Velocity Reviews > integers to binary

# integers to binary

Old Wolf
Guest
Posts: n/a

 12-13-2005
rayw wrote:

[n is a char]
>>> itoa(n, buffer, 2);

>>
>> Doesn't your library have any documentation?

>
> Yes, it does, but I was hoping to get some theory here as to
> what it's doing: I don't have the source.

The relevant line in the documentation is:

char *itoa(int value, char *string, int radix);

and in particular, that itoa is expecting 'value' to be an int.

> For example, if you run the program 'as posted' and enter
> 255 for the value, the output is:
>
> [compiler 1: gcc]
> 11111111111111111111111111111111
>
> [compiler 2: msvc]
> 11111111111111111111111111112111
>
> If you enter something like 128, you get this
> [compiler 1: gcc]
> 11111111111111111111111110000000
>
> [compiler 2: msvc]
> 11111111111111111111111110001000
>
> but for 127, you get this
> [compiler 1: gcc]
> 1111111
> [compiler 2: msvc]
> 1111111
>
> So, I *think* there's 'weird stuff going on' - and that's about as
> descriptive as I can get.

128 and 255 are not valid values for 'char'. char values are in
the range -128 to 127[*]. You cause your program to be
unreliable when you assign out-of-range values to chars.

Here is a fuller description of what is happening, please bear
in mind that this behaviour is peculiar to some systems only
(eg. IA32), and doesn't hold in the general case.
When you assign the int 128 to your char, the compiler tries
to squish 0x00000080 into eight bits, which results in 0x80,
which is the value -128 when used as the bit-pattern for a char.
So the itoa function receives the value of -128. To find out
what itoa does when you give it a negative number you will
itoa function but it only specifies negative number behaviour

Based on your output I'd say that it is printing the bit pattern
of the negative number, and in binary the int -128 is indeed
11111111111111111111111110000000 .
Since your buffer is less than 33 bytes, anything could
happen really, you're lucky that GCC even managed to
not screw up the end of the buffer, although MSVC clearly
did (as it is entitled to, of course).

A similar explanation applies to the 255 case (which gets
the value -1, and has bit-pattern of all 1s).
[*] In general they can be in a variety of ranges, and the actual
range is specified by CHAR_MIN and CHAR_MAX in limits.h .
But it's clear from your post that your system has this range.

Old Wolf
Guest
Posts: n/a

 12-13-2005
rayw wrote:

> I've been trying to write a program that converts an entered number
> into its binary representation using three different techniques - bit
> shifting, mod 2, and itoa..

I have some other comments on y our code which

> #include <stdio.h >

No space !

> #include <limits.h>
> #include <stdlib.h>
> #include <string.h>
> #define I_TYPE char

Most importantly, you should use an unsigned type
for anything that you are planning to do bit-shifts on,
because signed types cause trouble as you have seen.

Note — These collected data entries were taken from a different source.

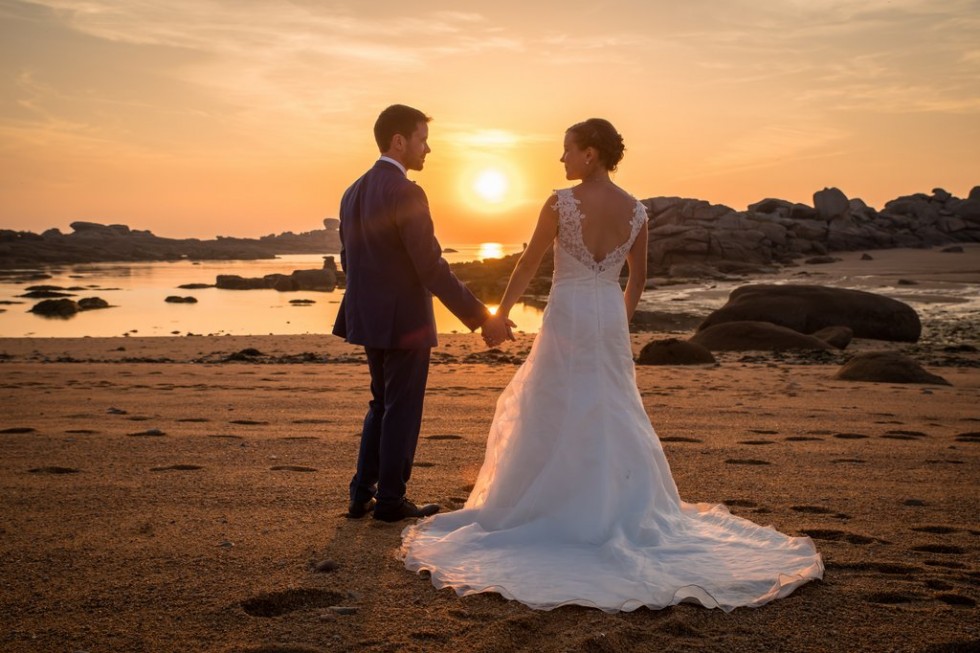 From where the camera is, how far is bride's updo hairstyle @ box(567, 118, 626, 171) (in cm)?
506

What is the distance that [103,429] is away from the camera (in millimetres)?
7902

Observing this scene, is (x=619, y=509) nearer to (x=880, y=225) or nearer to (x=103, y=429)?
(x=103, y=429)

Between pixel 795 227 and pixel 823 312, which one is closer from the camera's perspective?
pixel 823 312

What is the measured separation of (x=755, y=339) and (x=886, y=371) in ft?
15.6

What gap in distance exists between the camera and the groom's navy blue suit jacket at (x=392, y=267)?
5.14 metres

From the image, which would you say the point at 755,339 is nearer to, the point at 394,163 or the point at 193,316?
the point at 394,163

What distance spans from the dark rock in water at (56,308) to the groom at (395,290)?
24.0 metres

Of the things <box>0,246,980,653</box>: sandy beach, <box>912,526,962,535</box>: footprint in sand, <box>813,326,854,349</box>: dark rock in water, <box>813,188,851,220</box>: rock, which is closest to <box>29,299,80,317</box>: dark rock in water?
<box>0,246,980,653</box>: sandy beach

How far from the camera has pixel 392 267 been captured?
17.2ft

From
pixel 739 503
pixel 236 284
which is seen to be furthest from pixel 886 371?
pixel 236 284

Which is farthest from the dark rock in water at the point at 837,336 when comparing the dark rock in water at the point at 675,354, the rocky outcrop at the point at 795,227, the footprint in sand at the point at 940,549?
the rocky outcrop at the point at 795,227

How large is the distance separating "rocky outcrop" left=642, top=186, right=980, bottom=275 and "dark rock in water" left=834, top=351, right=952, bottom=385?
31.9 metres

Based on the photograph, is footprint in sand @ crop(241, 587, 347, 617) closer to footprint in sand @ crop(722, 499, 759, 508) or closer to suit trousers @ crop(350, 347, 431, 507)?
suit trousers @ crop(350, 347, 431, 507)

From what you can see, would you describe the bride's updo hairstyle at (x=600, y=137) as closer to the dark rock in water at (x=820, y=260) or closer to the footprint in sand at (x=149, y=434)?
the footprint in sand at (x=149, y=434) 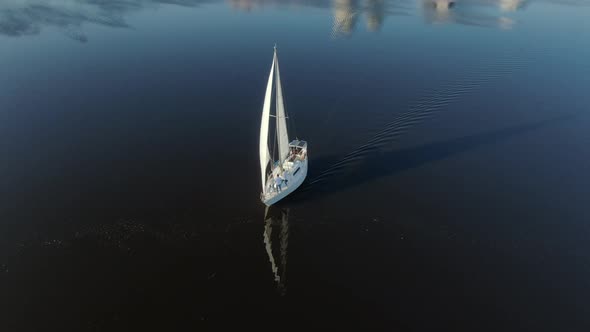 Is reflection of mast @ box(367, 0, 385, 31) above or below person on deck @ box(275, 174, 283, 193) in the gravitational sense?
above

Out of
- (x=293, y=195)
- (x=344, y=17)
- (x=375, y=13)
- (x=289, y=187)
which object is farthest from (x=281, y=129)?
(x=375, y=13)

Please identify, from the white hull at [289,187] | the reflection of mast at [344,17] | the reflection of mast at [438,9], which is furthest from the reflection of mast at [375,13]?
the white hull at [289,187]

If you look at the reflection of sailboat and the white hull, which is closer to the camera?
the reflection of sailboat

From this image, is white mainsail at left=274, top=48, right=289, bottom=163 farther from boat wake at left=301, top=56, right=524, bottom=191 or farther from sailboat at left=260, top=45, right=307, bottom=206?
boat wake at left=301, top=56, right=524, bottom=191

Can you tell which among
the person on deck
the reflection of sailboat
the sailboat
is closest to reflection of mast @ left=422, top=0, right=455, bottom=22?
the sailboat

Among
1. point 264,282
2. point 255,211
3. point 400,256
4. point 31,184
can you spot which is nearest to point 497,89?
point 400,256

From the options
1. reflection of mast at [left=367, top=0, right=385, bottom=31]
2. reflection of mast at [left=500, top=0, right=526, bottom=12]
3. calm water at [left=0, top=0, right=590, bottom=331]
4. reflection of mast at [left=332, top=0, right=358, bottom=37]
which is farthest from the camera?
reflection of mast at [left=500, top=0, right=526, bottom=12]

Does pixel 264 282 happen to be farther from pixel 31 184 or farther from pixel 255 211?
pixel 31 184

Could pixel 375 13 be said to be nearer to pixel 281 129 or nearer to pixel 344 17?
pixel 344 17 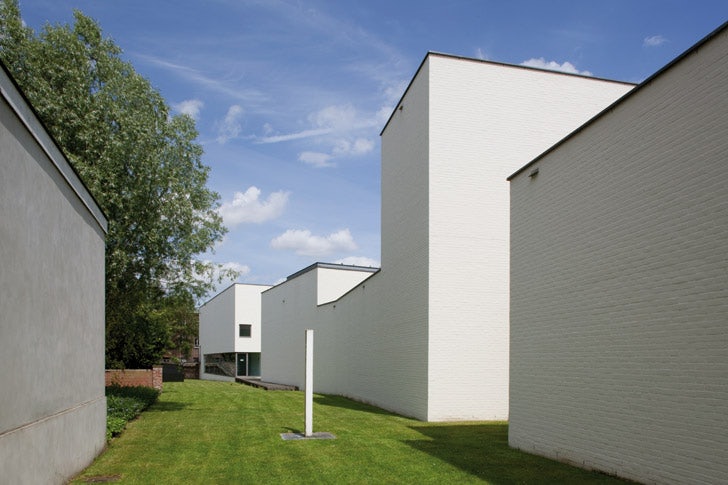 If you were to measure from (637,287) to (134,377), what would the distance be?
17.4m

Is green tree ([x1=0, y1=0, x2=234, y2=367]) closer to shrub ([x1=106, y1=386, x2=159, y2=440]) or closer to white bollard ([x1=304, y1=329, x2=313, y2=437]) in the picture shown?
shrub ([x1=106, y1=386, x2=159, y2=440])

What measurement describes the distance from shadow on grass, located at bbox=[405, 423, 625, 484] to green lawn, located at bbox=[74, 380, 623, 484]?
14 millimetres

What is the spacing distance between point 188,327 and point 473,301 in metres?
50.5

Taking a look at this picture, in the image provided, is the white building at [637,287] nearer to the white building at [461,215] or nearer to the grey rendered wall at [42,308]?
the white building at [461,215]

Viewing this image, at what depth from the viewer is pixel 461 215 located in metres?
15.5

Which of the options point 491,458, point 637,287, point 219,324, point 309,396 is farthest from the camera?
point 219,324

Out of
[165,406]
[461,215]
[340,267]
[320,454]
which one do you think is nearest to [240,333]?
[340,267]

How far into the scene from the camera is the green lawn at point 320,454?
8172 millimetres

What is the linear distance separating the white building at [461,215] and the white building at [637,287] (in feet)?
14.3

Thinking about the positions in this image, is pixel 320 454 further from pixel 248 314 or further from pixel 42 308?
pixel 248 314

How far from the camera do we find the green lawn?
817cm

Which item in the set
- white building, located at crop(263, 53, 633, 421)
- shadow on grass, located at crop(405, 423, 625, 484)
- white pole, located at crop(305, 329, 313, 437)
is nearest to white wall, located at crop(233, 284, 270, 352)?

It is usually better to use a typedef:
typedef unsigned int I_TYPE;

Also you will find it easier to start off with an int, and
then work down to a char (everything in C is designed
to work best with ints).

>
> #define K sizeof(I_TYPE) * CHAR_BIT
>
> // Forward decs.
> //
> char * binary1(I_TYPE n);
> char * binary2(I_TYPE n);
> char * binary3(I_TYPE n);
> char * strrev (char * str);

Strictly speaking you should not call your functions anything
starting with str followed by a lower case letter, because
it might clash with future updates to string.h .

> int main(void)
> {
> char buffer[100];
> puts("Enter numbers to convert to binary, or hit enter to quit");
>
> while(strlen(fgets(&buffer[0], sizeof(buffer), stdin)) > 1)

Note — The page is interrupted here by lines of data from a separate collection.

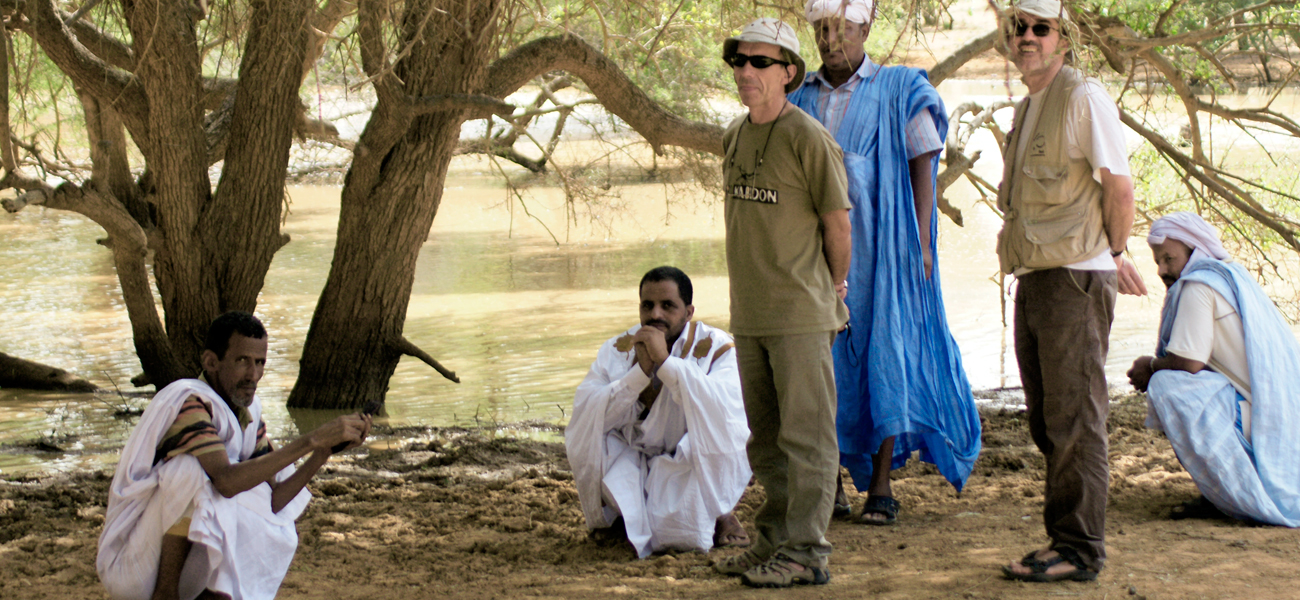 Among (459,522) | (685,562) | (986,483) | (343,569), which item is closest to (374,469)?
(459,522)

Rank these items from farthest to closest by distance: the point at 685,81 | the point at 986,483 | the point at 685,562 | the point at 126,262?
the point at 685,81 → the point at 126,262 → the point at 986,483 → the point at 685,562

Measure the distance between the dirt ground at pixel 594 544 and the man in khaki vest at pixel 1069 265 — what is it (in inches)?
7.5

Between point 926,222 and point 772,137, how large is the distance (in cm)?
104

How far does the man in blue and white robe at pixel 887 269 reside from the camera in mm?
3941

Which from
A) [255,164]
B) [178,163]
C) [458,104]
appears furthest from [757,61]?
[178,163]

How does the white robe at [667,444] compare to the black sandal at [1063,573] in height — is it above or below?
above

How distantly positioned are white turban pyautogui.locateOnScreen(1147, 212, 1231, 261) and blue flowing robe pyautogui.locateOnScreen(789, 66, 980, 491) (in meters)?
0.78

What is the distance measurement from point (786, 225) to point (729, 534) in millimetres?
1156

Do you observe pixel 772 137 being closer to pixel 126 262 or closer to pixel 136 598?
pixel 136 598

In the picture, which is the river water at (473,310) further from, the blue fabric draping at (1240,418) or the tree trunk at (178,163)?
the blue fabric draping at (1240,418)

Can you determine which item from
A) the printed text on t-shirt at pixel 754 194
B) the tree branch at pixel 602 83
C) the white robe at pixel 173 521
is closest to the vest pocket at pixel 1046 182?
the printed text on t-shirt at pixel 754 194

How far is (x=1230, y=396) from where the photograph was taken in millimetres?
3781

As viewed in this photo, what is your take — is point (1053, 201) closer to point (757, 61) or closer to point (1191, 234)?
point (757, 61)

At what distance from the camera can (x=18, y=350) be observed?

fgets() returns NULL on failure.. you'll need to re-arrange this test.
Also you can just write 'buffer' everywhere you have &buffer[0],
it means exactly the same thing in most contexts.

> {
> I_TYPE l = (I_TYPE)strtol(&buffer[0], NULL, 10);

Don't use this cast. It doesn't gain you anything.

> puts(binary1(l));
> puts(binary2(l));
> puts(binary3(l));
> }
>
> return 0;
> }
>
> char * binary1(I_TYPE n)
> {
> int i = 0;
> unsigned long int j = 1;
> static char buffer[K + 1];
>
> buffer[sizeof(buffer) - 1] = '\0';
> for(i = 0; i < K; i++)
> {
> buffer[i] = (n & j) == j ? '1' : '0';
> j = j << 1;

This will give you unexpected results if n is negative -- which is
why I_TYPE should be unsigned.

Also it's possible to be more concise (and clearer IMHO):

buffer[i] = (n & j) ? '1' : '0';
j <<= 1;

> }
>
> return strrev(buffer);
> }
>
> char * binary2(I_TYPE n)
> {
> int i;
> static char buffer[K + 1];
> buffer[sizeof(buffer) - 1] = '\0';
>
> for(i = K - 1; i >= 0; n /= (unsigned long int)2)

You can write 2UL instead of the cast notation.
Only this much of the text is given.